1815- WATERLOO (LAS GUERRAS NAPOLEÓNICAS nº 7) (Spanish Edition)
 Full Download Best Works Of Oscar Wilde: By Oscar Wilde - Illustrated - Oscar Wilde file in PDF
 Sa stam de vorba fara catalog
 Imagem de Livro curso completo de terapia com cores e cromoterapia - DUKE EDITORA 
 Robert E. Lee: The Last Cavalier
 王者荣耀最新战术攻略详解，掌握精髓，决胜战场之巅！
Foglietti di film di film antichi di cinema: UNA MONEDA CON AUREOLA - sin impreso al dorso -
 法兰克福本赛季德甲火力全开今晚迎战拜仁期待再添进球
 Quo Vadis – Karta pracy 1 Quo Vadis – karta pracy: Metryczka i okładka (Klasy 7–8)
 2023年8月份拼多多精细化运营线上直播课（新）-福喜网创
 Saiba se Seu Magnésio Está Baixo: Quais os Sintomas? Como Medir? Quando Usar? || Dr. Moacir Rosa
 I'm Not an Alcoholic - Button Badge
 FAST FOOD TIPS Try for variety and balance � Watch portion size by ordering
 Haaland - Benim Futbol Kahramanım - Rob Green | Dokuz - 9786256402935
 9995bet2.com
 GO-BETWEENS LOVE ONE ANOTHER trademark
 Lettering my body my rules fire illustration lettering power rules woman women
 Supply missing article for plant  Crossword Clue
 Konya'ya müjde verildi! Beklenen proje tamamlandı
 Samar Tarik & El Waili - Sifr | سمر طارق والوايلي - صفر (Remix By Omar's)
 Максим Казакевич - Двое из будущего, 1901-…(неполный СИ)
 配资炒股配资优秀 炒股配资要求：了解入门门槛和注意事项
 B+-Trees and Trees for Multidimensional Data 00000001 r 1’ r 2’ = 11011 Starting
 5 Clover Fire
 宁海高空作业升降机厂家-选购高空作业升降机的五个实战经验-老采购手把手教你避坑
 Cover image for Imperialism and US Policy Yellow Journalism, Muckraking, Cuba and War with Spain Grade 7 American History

○ ○ ○ ○ ○ ○ ○

### Exercise
Print every line of the material above exactly.

### Answer area
1815- WATERLOO (LAS GUERRAS NAPOLEÓNICAS nº 7) (Spanish Edition)
 Full Download Best Works Of Oscar Wilde: By Oscar Wilde - Illustrated - Oscar Wilde file in PDF
 Sa stam de vorba fara catalog
 Imagem de Livro curso completo de terapia com cores e cromoterapia - DUKE EDITORA 
 Robert E. Lee: The Last Cavalier
 王者荣耀最新战术攻略详解，掌握精髓，决胜战场之巅！
Foglietti di film di film antichi di cinema: UNA MONEDA CON AUREOLA - sin impreso al dorso -
 法兰克福本赛季德甲火力全开今晚迎战拜仁期待再添进球
 Quo Vadis – Karta pracy 1 Quo Vadis – karta pracy: Metryczka i okładka (Klasy 7–8)
 2023年8月份拼多多精细化运营线上直播课（新）-福喜网创
 Saiba se Seu Magnésio Está Baixo: Quais os Sintomas? Como Medir? Quando Usar? || Dr. Moacir Rosa
 I'm Not an Alcoholic - Button Badge
 FAST FOOD TIPS Try for variety and balance � Watch portion size by ordering
 Haaland - Benim Futbol Kahramanım - Rob Green | Dokuz - 9786256402935
 9995bet2.com
 GO-BETWEENS LOVE ONE ANOTHER trademark
 Lettering my body my rules fire illustration lettering power rules woman women
 Supply missing article for plant  Crossword Clue
 Konya'ya müjde verildi! Beklenen proje tamamlandı
 Samar Tarik & El Waili - Sifr | سمر طارق والوايلي - صفر (Remix By Omar's)
 Максим Казакевич - Двое из будущего, 1901-…(неполный СИ)
 配资炒股配资优秀 炒股配资要求：了解入门门槛和注意事项
 B+-Trees and Trees for Multidimensional Data 00000001 r 1’ r 2’ = 11011 Starting
 5 Clover Fire
 宁海高空作业升降机厂家-选购高空作业升降机的五个实战经验-老采购手把手教你避坑
 Cover image for Imperialism and US Policy Yellow Journalism, Muckraking, Cuba and War with Spain Grade 7 American History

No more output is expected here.